# [What you have to do]
In the records below, find the line with "Ornement de Noël" and the line with "Kersttafelkleed, Rood &"; return exactly those lines and every line between them.

★ ★ ★ ★ ★

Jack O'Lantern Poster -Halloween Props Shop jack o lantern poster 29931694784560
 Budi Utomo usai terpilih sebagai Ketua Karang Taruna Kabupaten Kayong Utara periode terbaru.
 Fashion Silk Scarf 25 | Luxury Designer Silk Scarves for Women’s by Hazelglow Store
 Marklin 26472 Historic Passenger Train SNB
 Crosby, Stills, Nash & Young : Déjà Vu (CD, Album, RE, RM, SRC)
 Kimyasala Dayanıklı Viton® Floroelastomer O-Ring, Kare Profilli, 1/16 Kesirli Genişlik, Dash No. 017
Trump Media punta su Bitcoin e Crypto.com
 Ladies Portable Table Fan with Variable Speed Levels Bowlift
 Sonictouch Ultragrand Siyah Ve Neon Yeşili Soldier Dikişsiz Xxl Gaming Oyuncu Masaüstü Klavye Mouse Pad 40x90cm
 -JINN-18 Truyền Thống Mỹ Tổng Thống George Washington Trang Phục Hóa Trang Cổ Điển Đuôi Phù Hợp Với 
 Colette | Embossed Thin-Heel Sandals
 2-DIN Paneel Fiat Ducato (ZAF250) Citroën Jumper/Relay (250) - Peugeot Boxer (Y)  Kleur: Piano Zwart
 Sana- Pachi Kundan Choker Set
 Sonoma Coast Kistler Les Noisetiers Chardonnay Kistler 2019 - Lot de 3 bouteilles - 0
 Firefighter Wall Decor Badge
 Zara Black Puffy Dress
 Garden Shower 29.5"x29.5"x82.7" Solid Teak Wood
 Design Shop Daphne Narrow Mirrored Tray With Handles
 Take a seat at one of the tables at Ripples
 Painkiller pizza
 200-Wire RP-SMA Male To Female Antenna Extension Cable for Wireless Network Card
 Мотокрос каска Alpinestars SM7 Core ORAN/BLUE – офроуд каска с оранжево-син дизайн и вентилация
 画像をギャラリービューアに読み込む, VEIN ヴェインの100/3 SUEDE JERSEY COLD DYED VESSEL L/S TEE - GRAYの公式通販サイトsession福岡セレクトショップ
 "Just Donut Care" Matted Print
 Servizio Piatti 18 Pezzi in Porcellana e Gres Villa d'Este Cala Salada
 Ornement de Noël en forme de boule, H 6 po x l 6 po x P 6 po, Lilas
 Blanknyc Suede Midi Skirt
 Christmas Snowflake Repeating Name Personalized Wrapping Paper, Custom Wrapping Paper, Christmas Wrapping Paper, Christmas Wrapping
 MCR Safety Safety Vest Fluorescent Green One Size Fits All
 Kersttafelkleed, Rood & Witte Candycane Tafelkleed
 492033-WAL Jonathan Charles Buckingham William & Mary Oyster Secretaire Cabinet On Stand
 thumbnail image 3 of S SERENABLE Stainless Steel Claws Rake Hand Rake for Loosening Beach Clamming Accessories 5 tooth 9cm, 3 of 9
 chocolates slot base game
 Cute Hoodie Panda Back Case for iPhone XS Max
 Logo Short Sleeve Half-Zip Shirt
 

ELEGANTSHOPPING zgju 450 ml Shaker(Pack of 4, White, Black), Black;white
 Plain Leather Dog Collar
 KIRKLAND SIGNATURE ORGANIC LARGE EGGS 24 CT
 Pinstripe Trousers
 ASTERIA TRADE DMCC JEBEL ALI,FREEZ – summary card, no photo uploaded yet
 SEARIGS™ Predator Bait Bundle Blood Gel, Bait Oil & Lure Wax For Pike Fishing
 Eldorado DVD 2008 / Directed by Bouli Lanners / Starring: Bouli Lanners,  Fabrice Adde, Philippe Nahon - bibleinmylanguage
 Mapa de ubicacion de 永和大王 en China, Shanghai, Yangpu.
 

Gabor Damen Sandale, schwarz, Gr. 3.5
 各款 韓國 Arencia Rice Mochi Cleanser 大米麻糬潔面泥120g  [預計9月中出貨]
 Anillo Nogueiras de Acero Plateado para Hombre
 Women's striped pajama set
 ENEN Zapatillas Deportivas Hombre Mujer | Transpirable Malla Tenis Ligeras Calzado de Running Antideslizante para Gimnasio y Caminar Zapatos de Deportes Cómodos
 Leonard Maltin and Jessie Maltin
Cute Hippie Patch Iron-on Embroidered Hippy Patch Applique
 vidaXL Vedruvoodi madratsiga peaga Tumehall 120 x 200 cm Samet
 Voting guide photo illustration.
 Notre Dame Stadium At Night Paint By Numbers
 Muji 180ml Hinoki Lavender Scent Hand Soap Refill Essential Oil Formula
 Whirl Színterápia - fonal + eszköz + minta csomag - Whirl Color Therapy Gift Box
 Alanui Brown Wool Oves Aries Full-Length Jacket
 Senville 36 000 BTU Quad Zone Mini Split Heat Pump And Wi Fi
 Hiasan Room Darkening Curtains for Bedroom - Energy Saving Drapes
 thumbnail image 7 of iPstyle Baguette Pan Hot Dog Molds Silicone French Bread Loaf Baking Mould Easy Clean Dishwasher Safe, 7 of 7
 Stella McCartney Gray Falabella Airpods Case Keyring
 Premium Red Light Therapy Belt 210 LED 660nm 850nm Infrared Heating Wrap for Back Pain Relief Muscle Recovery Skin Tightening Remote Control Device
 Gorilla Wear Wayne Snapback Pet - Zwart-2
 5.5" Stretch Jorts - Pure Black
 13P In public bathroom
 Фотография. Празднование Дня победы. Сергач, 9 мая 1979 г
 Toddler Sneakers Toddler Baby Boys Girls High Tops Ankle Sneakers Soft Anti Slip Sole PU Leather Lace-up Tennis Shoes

★ ★ ★ ★ ★

# [Response box]
 Ornement de Noël en forme de boule, H 6 po x l 6 po x P 6 po, Lilas
 Blanknyc Suede Midi Skirt
 Christmas Snowflake Repeating Name Personalized Wrapping Paper, Custom Wrapping Paper, Christmas Wrapping Paper, Christmas Wrapping
 MCR Safety Safety Vest Fluorescent Green One Size Fits All
 Kersttafelkleed, Rood & Witte Candycane Tafelkleed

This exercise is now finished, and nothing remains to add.